今福龍太 :文化人類学者・批評家。1980年代初頭からラテンアメリカ各地でフィールドワークに従事。クレオール文化研究の第一人者。奄美・沖縄・台湾の群島を結ぶ遊動型の野外学舎〈奄美自由大学〉を2002年から主宰。著書に『ミニマ・グラシア』『ジェロニモたちの方舟』『ヘンリー・ソロー 野生の学舎』『ハーフ・ブリード』ほか多数。主著『クレオール主義』『群島-世界論』を含む新旧著作のコレクション《パルティータ》全5巻(水声社)が2018年に完結。

1月7日
Jimmy,

 数日前、北カリフォルニアに住む友人のカレンからメールがきた。長いつきあいで、いまやお互い姉弟のように感じている、日系三世のアメリカ人女性だ。アメリカ社会が直面する現在の苦境を映し出す、重い内容だった。でも、時や場所を超えて、いろいろな連想を喚起させるメールだった。ジミー、きみにこの手紙のことは伝えておかねばならない、と直観した。
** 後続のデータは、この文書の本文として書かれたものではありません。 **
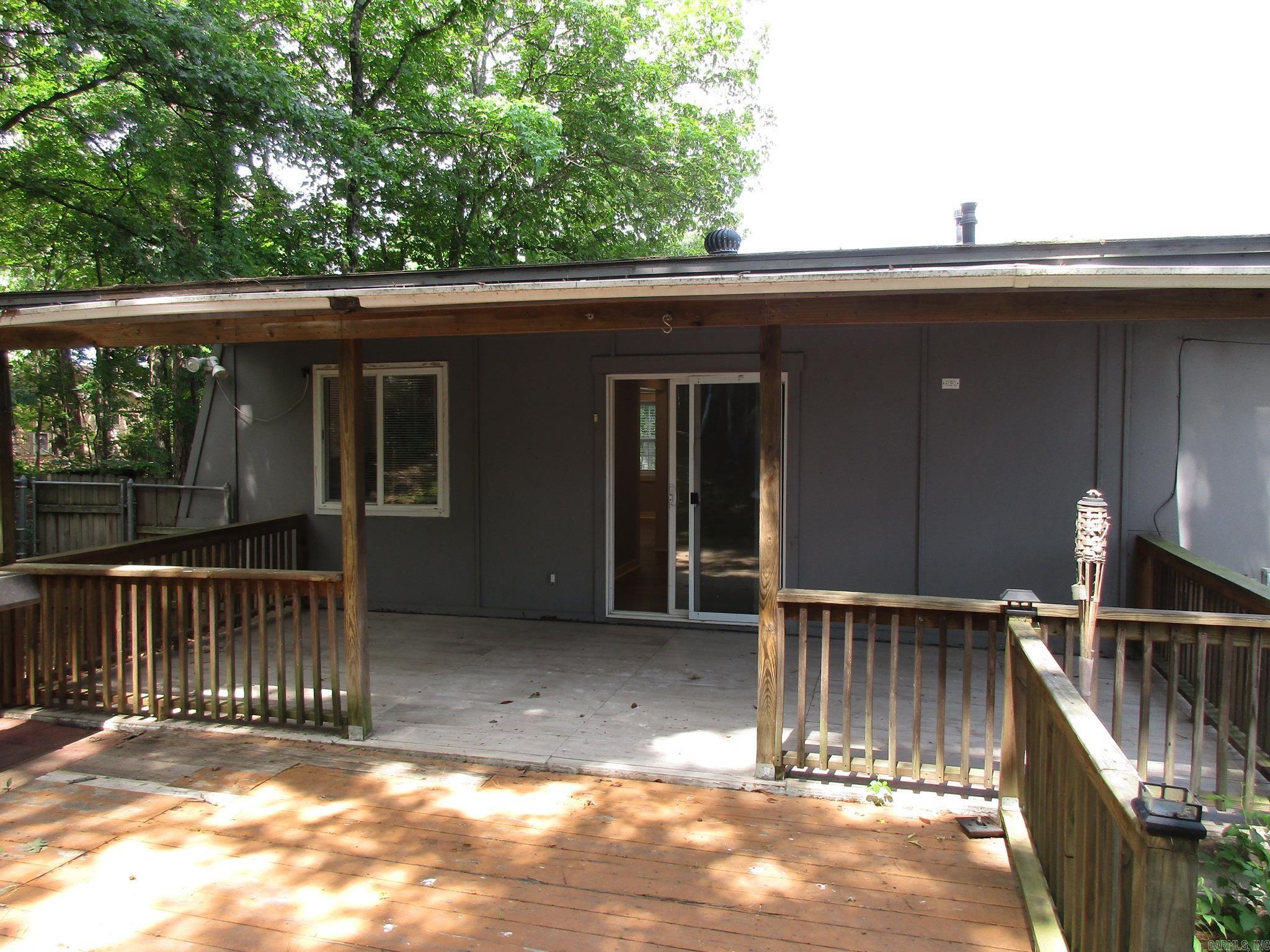 1209 E Twin Lakes  Little Rock, AR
 小説家である彼女自身、このコロナ事態がアメリカ社会を漫然とした怖れと停滞のなかに封じ込めているあいだ、それとはちがう別の厄介な病に身体を冒され、手術と治療ののちに家のなかで安静を求められていた。だから彼女にとって、外出禁止措置は、ウィルスの蔓延によって強いられたものではなく、すでにあらかじめ自らの個としての身体に課された冷徹な掟として受け入れざるをえないものだった。そんな、静かな諦念と覚醒のないまぜになった眼から見たとき、パンデミックによる人々の鬱屈と狂騒の風景は、いったいどのように見えたのだろう。メールの文面から見て、社会に広がるさまざまな不条理にたいし刹那的・感情的に反応するような態度からはきっぱりと離れたところで、彼女の視線はすべてを冷静に観察しているように思えた。